I have a large family, lots of friends, and lots of hobbies. I spend on all of them and then spend on myself. When the Amazon update shows up in my email, I feel a spark. What now? Amazon's logorithms have me figured out. A new craft book? A new business book? Something for the kitchen, perhaps?

My daughter recommended I start this blog as a way to deal with my issue. She is brilliant and said the most amazing thing to me: If you can see a therapist to stop crying, why not see a therapist to stop spending?

Stop. Spending. I have tried for so many years. It's in me. I remember being little a having a quarter and desperately needing to trade it for something, anything. One time I spent 75 cents on a cake topper that was for a 25th wedding anniversary. Why? What was the point? I was about ten years old. You can't leave the house without bringing something home. And you have to buy five of them, because... you just never know.
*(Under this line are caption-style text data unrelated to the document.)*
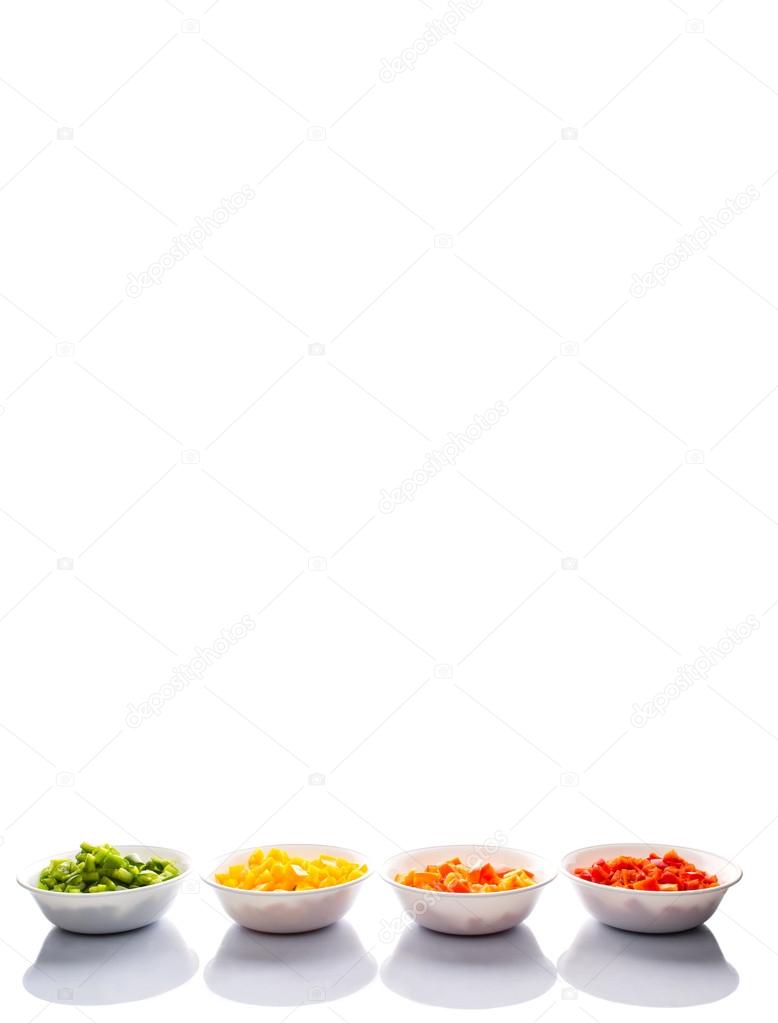Colorful Chopped Capsicums In White Bowls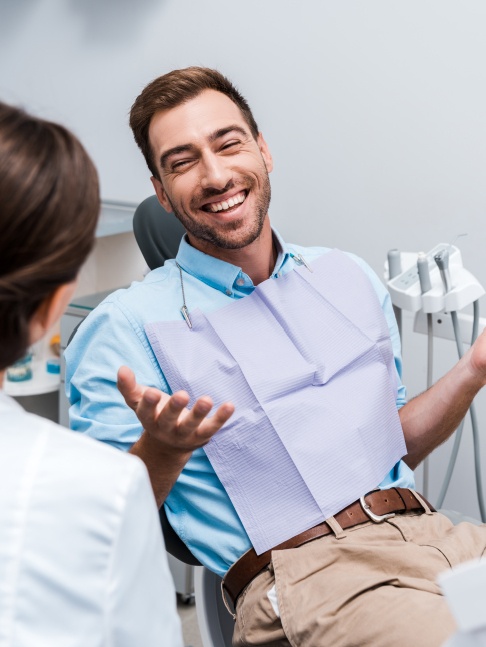 Man smiling in dental treatment chair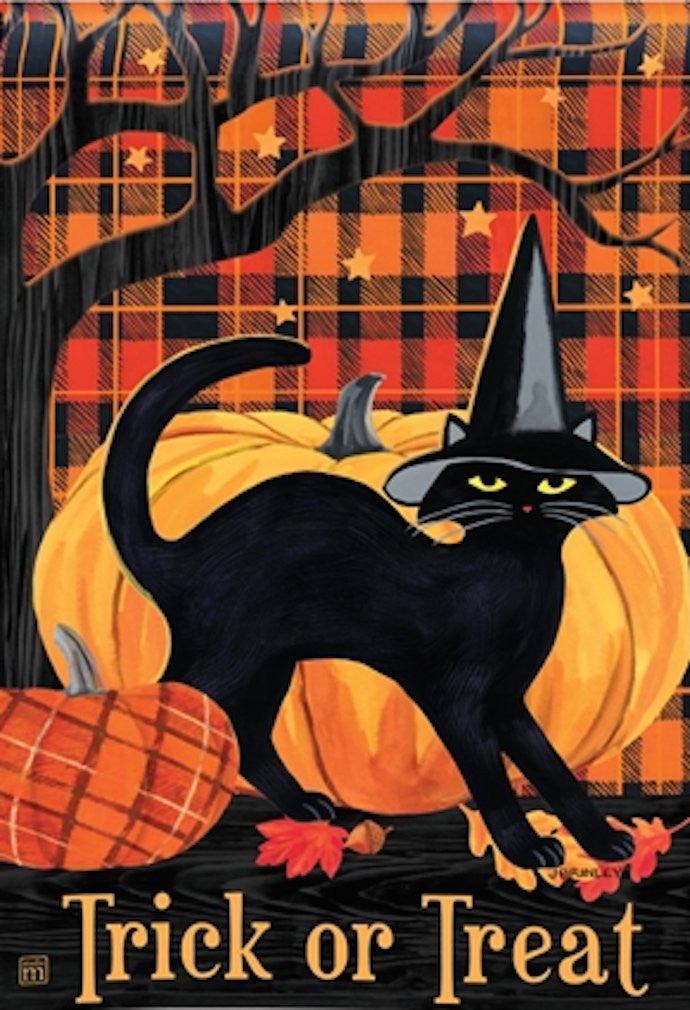 Jim Shore’s illustration a black cat wearing a witch’s hat sits amongst pumpkins against a red and black plaid background featuring a bare tree and autumn leaves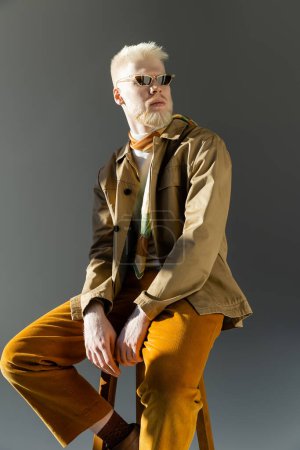 Téléchargez les photos : Élégant homme albinos en lunettes de soleil et veste de chemise assis sur chaise haute isolé sur gris - en image libre de droit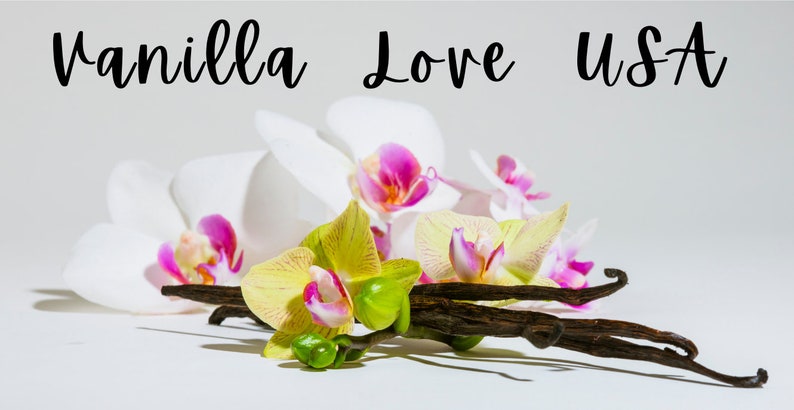 May include: Vanilla bean pods and white orchids with pink and yellow accents. The text "Vanilla Love USA" is written above the flowers.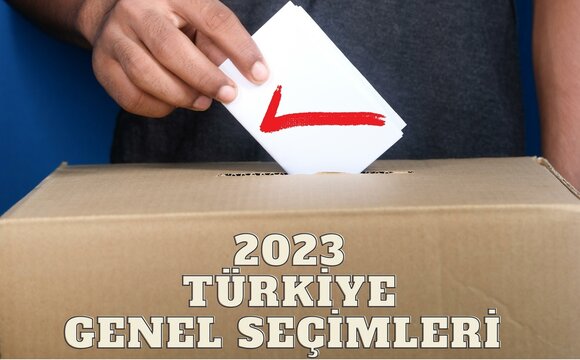 A ballot box with the inscription "2023 Turkish General Elections" in Turkish.  Young male man throwing a red ballot with a check mark on it.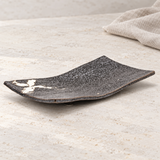 MK212W-WB curved dark platter with white brush accent, on a pale stone counter
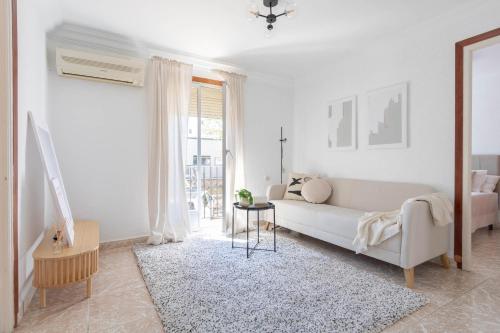 a white living room with a couch and a table at Apartamento Esperanza by Clabao in Logroño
Each time I run up the credit cards, my husband is unaware. Then it finally comes out. He's angry. I'm guilty. He's the hard worker. I'm the spender. We could have gone here or done this, but now we can't because we have to pay off the cards. I try desperately to keep it under control, but it never works. Refinance the house. Take out a home improvement loan. Borrow against the 401k. And load up the cards again while paying off the previous debt. So much guilt. It's like being unfaithful. Cheating. With money. The hiding. The lying. The cover up. The pressure to be good. The high of getting a package in the mail.

We didn't have much growing up. I was afraid to ask for thing, because my mom was always complaining about money. So I got a job and didn't save a dime. I spent it on myself, since no one else would. I spent it on other people. I blew my student loan- twice. Twice.

I have many interests which (I believe) require me to buy all of the supplies. Which I never use. or rarely. I celebrate when I actually finish something. I stare at it for a long time. But I can't remember ever doing a project that I didn't run out and buy something for it.

So today I semi-publicly declare that I will get rid of the $15k I have managed to charge. I will avoid Michael's and AC Moore and Amazon and Ebay. I will distract myself from the email alerts and advertising that tempt me. I can do this. I have to do this.